A survey by a remotely operated vehicle showed hydrocarbon seepage from the plugged casing of Unocal's Ranggas 6 appraisal well, which was drilled in August. Water depth at the site is 5,500 ft.

After drilling the successful well, Unocal Rapak Ltd. had plugged and abandoned it and moved the drillship. A ship removing anchors in place for the drillship first observed the sheen Sept. 5.

Unocal activated its emergency response team and reported the incident to the Indonesia Directorate General of Oil and Gas and to the State Implementing Body for Upstream Oil and Gas Activities.

Unocal said that, as of Oct. 1, there had been no reports of hydrocarbons impacting the shoreline. "The sheen is not expected to have any impact on human health," Unocal said.

The company said it is working with the relevant regulatory bodies and other entities to devise the best strategy for containing the hydrocarbons and managing any potential impacts.

THE $1.3 BILLION CAMISEA natural gas project 500 km east of Lima expects to obtain financing from the Inter-American Development Bank (IADB) and other banks by early 2003 in order to begin producing and transporting natural gas and liquids to Lima by August 2004. Transportes de Gas del Peru (TGP), the natural gas transportation consortium led by Argentina's Tecgas—a Techint SA unit—will pipe the gas from Camisea to the city gate south of Lima, where it is scheduled to arrive in early August 2004. Belgium's Tractebel SA will then distribute the gas throughout Lima and Callao (OGJ, Sept. 23, 2002, p. 8).

An IADB official in Lima said it expects to contribute towards project financing, as does the Andean Development Fund and commercial banks, from which the partners anticipate securing credits.

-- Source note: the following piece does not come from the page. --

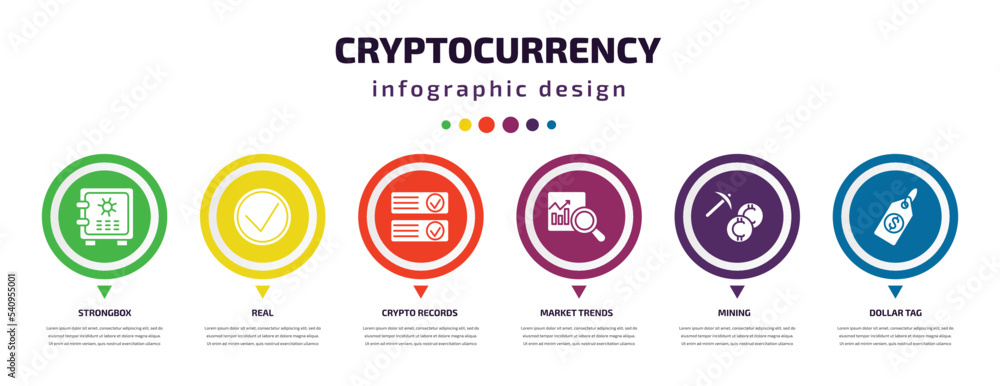Poster cryptocurrency infographic element with icons and 6 step or option. cryptocurrency icons such as str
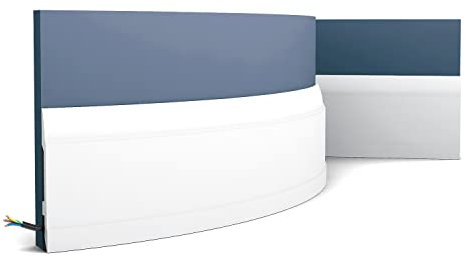 Orac Moulure flexible SX104F 200 cm x 1,7 cm x 14,8 cm Polyuréthane classique arrondi avec passage de câble prétraité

IDB financing is subject to final approval of the project's environmental impact assessments (EIAs). An official in Peru said the bank did not anticipate problems and were working closely with the energy and mines ministry to satisfy observations brought up by ecologists, who had placed Camisea on a "red list."

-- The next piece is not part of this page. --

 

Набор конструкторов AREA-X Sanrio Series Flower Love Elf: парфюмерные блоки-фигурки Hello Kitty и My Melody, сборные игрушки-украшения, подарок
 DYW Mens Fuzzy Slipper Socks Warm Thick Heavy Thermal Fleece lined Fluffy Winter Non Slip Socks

The Camisea consortium, led by field operator Pluspetrol SA, has invested $250-300 million in the project, Pluspetrol said, and TGP has invested about $300 million on pipe and equipment.

A Camisea manager said that the consortium also is awaiting approval by Peruvian firm Graña y Montero, which is assessing the environmental impact of constructing a fractionation plant at Pisco. Work on the plant—key to the project—is scheduled to start at the beginning of next year.

Environmental watchdog Inrena, however, has delayed that approval pending resolution of a fishmeal-plants-relocation issue. Pisco and the fishmeal plants are near the Paracas nature reserves.

An EIA for a Camisea gas-fed LNG plant also is under way at Melchorita, which lies between Cañete and Chincha, just south of Lima (see related item, p. 8).

In other pipeline news, Salt Lake City-based Kern River Gas Transmission Co. has begun construction on its 2003 pipeline expansion. The $1.2 billion project will increase the pipeline's capacity by 906 MMcfd once placed in service in May 2003, the company said.

KERR-MCGEE CORP., Oklahoma City, reported that production is under way in Tullich and Maclure oil fields in the UK North Sea, using existing infrastructure in Quadrant 9.

Both fields were developed as subsea tiebacks to the Kerr-McGee-operated Gryphon A floating production, storage, and offloading vessel.

Tullich field, on Block 9/23a, is producing at a rate of 7,500 b/d from two wells. Production is expected to peak at 15,000 b/d from four wells early next year. Kerr-McGee owns and operates Tullich, 3 miles southeast of Gryphon, in 370 ft of water, with reserves of 40 million boe (OGJ Online, Jan. 8, 2002).

Maclure field, operated by BP PLC, is producing 12,000 b/d from one well.